19 世紀時,卡梅爾鎮就被政府規劃為度假勝地。1903年,卡梅爾發展公司看好這里如畫美景的山勢海灘,想開發此鎮為度假勝地,打出廣告宣傳:“松林之間,卡梅爾沙灘之畔的海邊小鎮。”斯坦福大學和加州大學的教授紛紛前來買地在林中建屋,逐漸有了人氣。百年間,在當地人的苦心經營和文化移民們的努力下,海邊的卡梅爾終于發展成為美利堅十數個卡梅爾當中,最吸引人的那一個。
稀奇鎮規
我幾乎是一下公路就愛上了這里。朋友Z說:“我好像看見了兩只知更鳥,還有一只鹿。”一切就如同小說里的場景。
中心主干道直奔海灘,毫無懸念,一片水天一色的大海迎面而來。靠著那棵著名的“孤獨的柏樹”,坐在細細的淺色沙灘看海,好想就此躺下。只是卡梅爾是個“霧鎮”,六七月間的海邊也冷得站不住。趕緊找到旅店,先扎進溫柔鄉再說。
可是,當GPS把我們帶到旅館門口時,說真的,我們沒找到。迷惑中下車詢問路人,原來就在我們停車的對面。只是綠樹環繞,標記也不顯眼,沒能發現它就是我們要入住的地方。這就是卡梅爾,沒有霓虹燈,甚至連交通信號燈也沒有。機動車到了這里都格外小心,避讓行人。
不僅如此,卡梅爾最別致任性之處在于,每家每戶都沒有門牌號碼。門上標注的是住戶的大名,如“凱蒂的家”“多爾之屋”之類,或者以街名為參照,如“德洛麗絲街往南第三家”。如果因為收信人地址不明,郵局無法投遞,居民們也樂于去位于第五街上的郵局去取,并可與偶遇的鄰居閑聊幾句。

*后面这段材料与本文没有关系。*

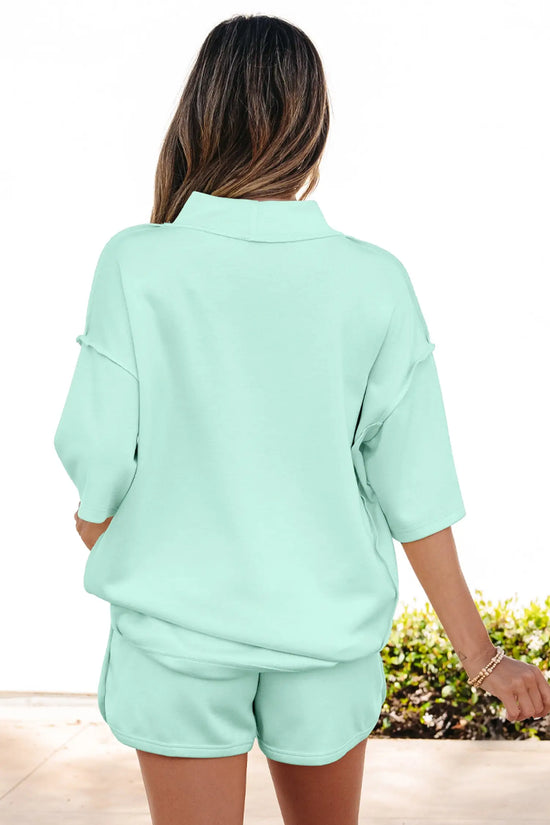 Exposed seam mock neck oversized tee shorts two piece set pockets outfit sets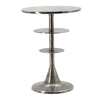 Aja Accent Table | 22" | Aluminum | Rounded Top | Teardrop Base | Silver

雖然抵制快餐店,但位于鎮中心的卡梅爾廣場(Carmel Plaza)還是林立著不少世界一線品牌。只是,在其他地方習慣了豪華門面的Cartier、Coach,到了卡梅爾也一水兒的入鄉隨俗,木門閣窗,帶著點波西米亞風味。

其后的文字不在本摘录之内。